Beaucoup croient que le Coran, reçu d’un seul coup par le Prophète, est resté tel quel après sa mort. Or la révélation du Coran s’est étendue sur 22 ans, dans des contextes très variés. Dans une société de tradition orale, des croyants ont écrit certains versets sur des morceaux de peau séchée. 22 ans après la mort du Prophète, le troisième khalife, Othmân, a décidé de faire mettre le Coran par écrit. Le texte a été rédigé deux siècles avant l’adoption de l’alphabet définitif de l’arabe, sans utiliser les signes diacritiques et sans disposer d’aucune chronologie. Il a été largement discuté et il aura fallu plus de trois siècles pour aboutir à un texte définitif.
Chaque sourate correspond en principe à un thème, mais souvent des thèmes différents se mélangent. Les sourates sont classées sans chronologie et même sans tenir compte de leur origine, médinoise ou mecquoise. Il y a aussi des versets très difficiles, dont on admet que Dieu seul les comprend. Or la tradition instaurée, c’est de lire le Coran de la première à la dernière page.
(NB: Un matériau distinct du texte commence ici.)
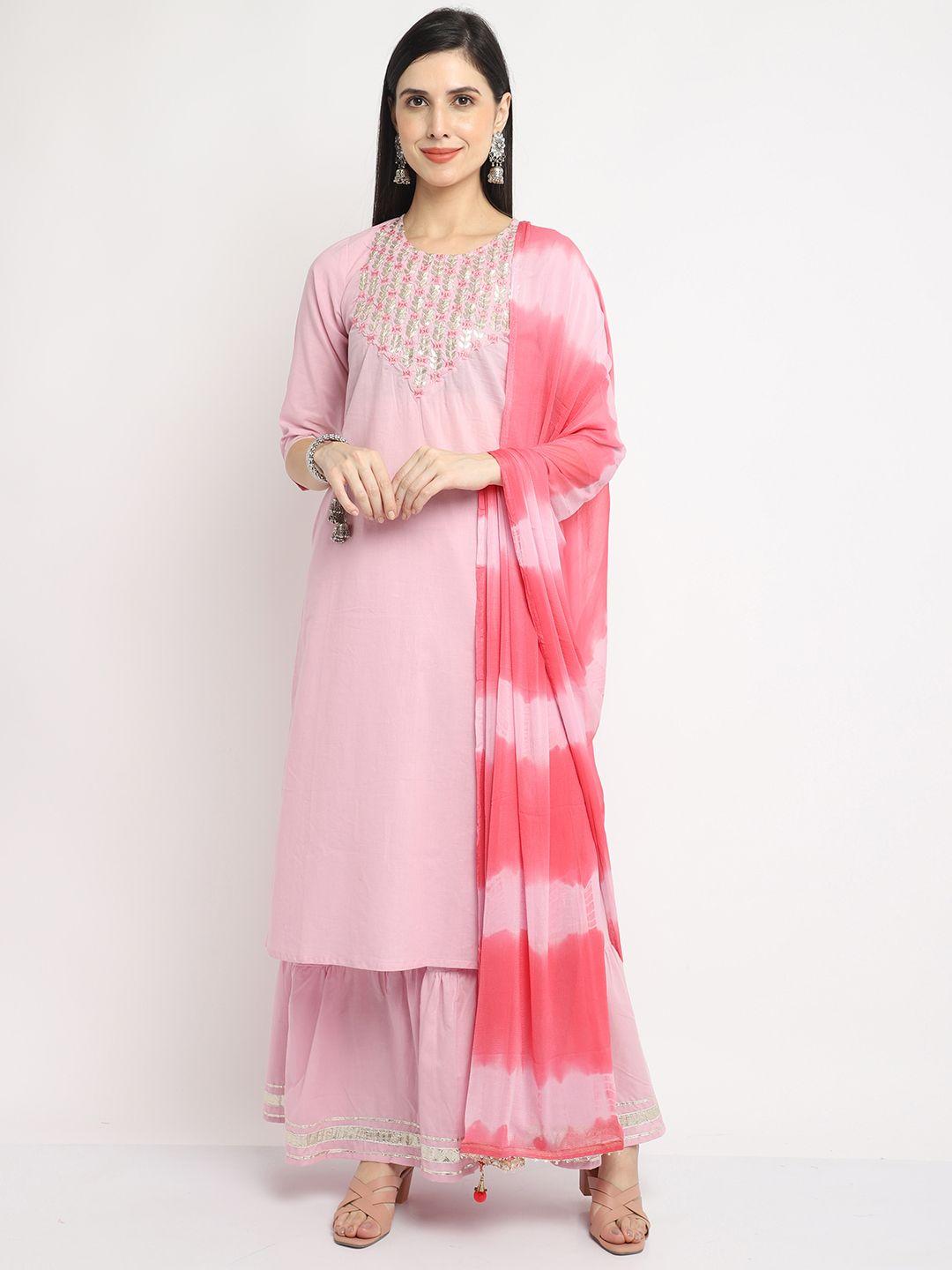 rajnandini women pink pure cotton embroidered kurta with sharara & dupatta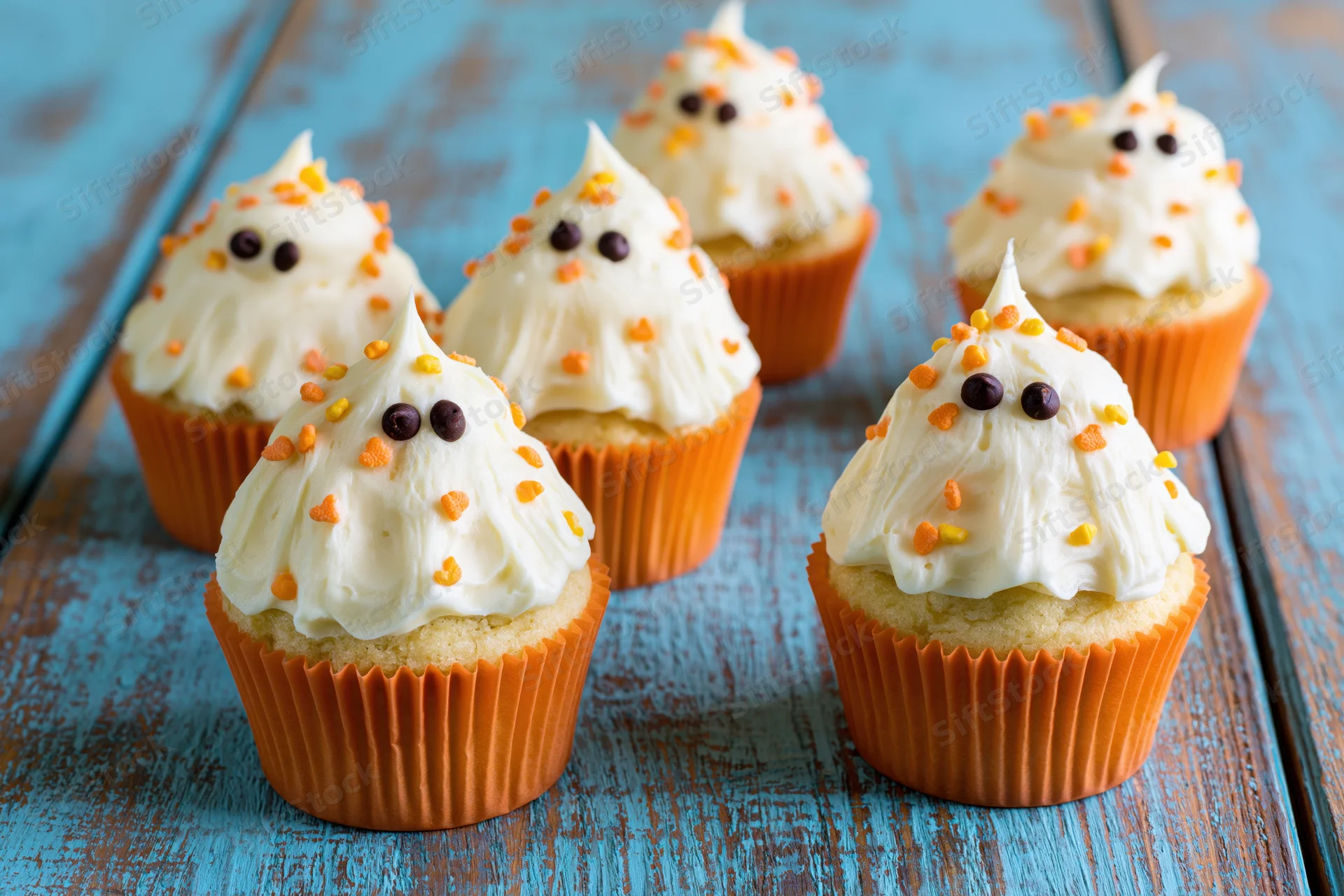Six ghost-themed cupcakes with white frosting and chocolate eyes arranged on a weathered blue wooden surface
Dès le début de l’islam, plusieurs courants théologiques se sont affrontés, notamment le mutazilisme et le hanbalisme. Selon le mutazilisme, l’être humain a reçu de Dieu la puissance d’accomplir des actes libres. Il doit se comporter en lieutenant de Dieu et contribuer à l’édification d’une cité musulmane solidaire et juste ; il répondra de ses actes au jour du jugement. Le mutazilisme considère que le Coran est distinct de la nature de Dieu ; il est inscrit dans un moment de la création et peut être interprété. Après avoir été imposé par certains khalifes abbassides, le mutazilisme finit par céder sous la coalition de ceux qui craignent qu’une lecture rationnelle des actes de Dieu ne conduise à relativiser sa toute-puissance. Le hanbalisme qui triomphe alors défend le dogme de la prédestination : les êtres humains ne peuvent rien changer à leur sort et le croyant doit s’en remettre totalement à Dieu, espérant sa compassion et sa miséricorde. Le Coran n’est pas créé ; il est consubstantiel à Dieu, participe de son éternité et requiert une lecture littérale. Le succès des hanbalites sacralise le dogme de l’imprescriptibilité.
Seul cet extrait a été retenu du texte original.